ASSIGNED TASK: When you reach the line that contains "Guess PU Leather" in the data below, start reproducing lines exactly, and stop after the line that contains "Passenger Right Side".

RECORDS SHOWN:
· · · · · · ·

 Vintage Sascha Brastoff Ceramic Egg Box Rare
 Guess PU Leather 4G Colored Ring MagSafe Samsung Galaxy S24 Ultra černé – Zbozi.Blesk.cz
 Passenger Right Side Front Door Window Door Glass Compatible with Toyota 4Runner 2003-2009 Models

· · · · · · ·

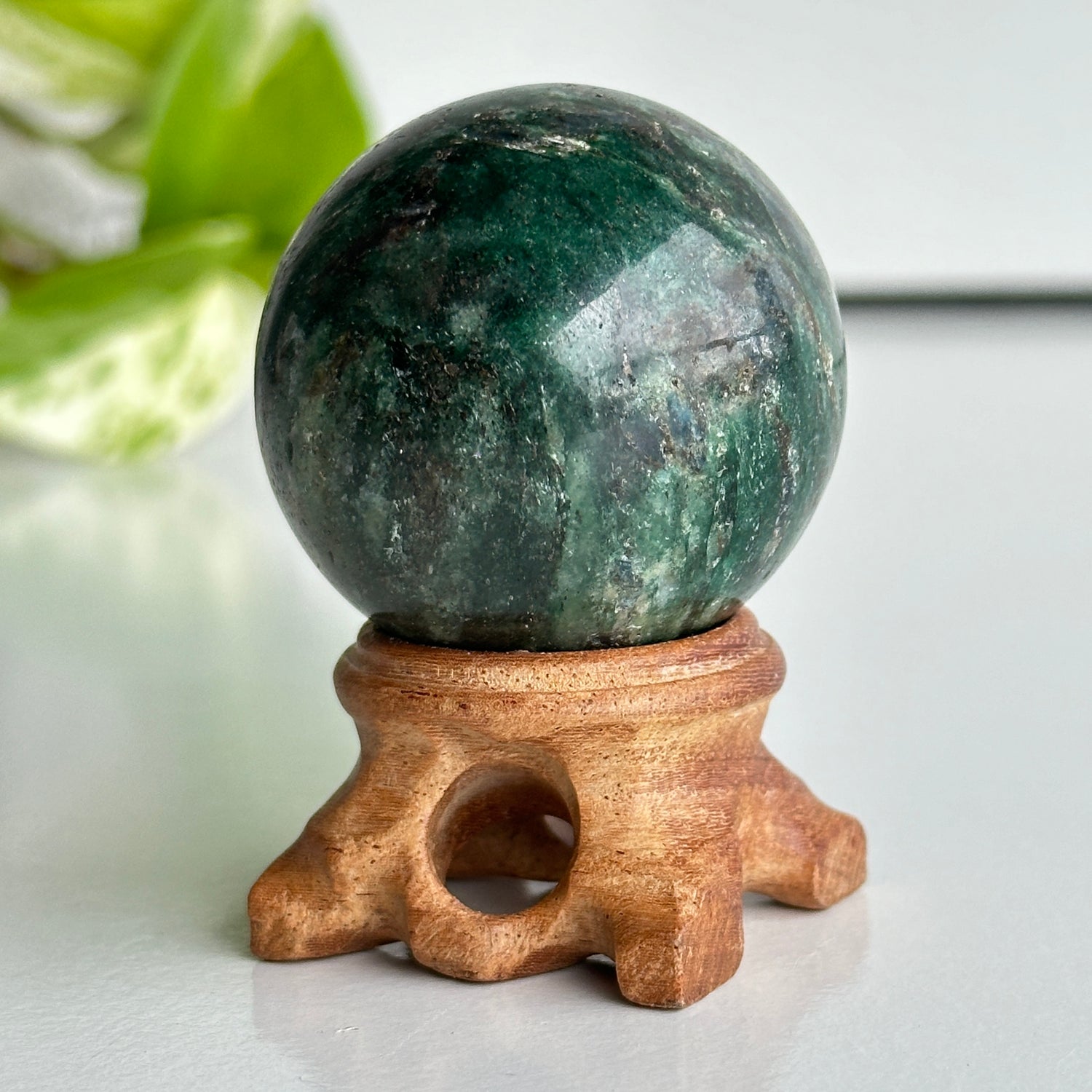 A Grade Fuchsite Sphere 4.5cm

· · · · · · ·

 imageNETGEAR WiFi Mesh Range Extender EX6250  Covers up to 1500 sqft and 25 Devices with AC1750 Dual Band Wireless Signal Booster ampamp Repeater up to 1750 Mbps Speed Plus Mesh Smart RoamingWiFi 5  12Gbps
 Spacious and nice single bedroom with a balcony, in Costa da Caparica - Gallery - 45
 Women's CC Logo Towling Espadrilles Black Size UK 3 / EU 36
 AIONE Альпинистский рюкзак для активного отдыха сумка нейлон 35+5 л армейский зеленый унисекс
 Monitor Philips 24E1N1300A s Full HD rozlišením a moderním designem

· · · · · · ·

WRITTEN RESPONSE:
 Guess PU Leather 4G Colored Ring MagSafe Samsung Galaxy S24 Ultra černé – Zbozi.Blesk.cz
 Passenger Right Side Front Door Window Door Glass Compatible with Toyota 4Runner 2003-2009 Models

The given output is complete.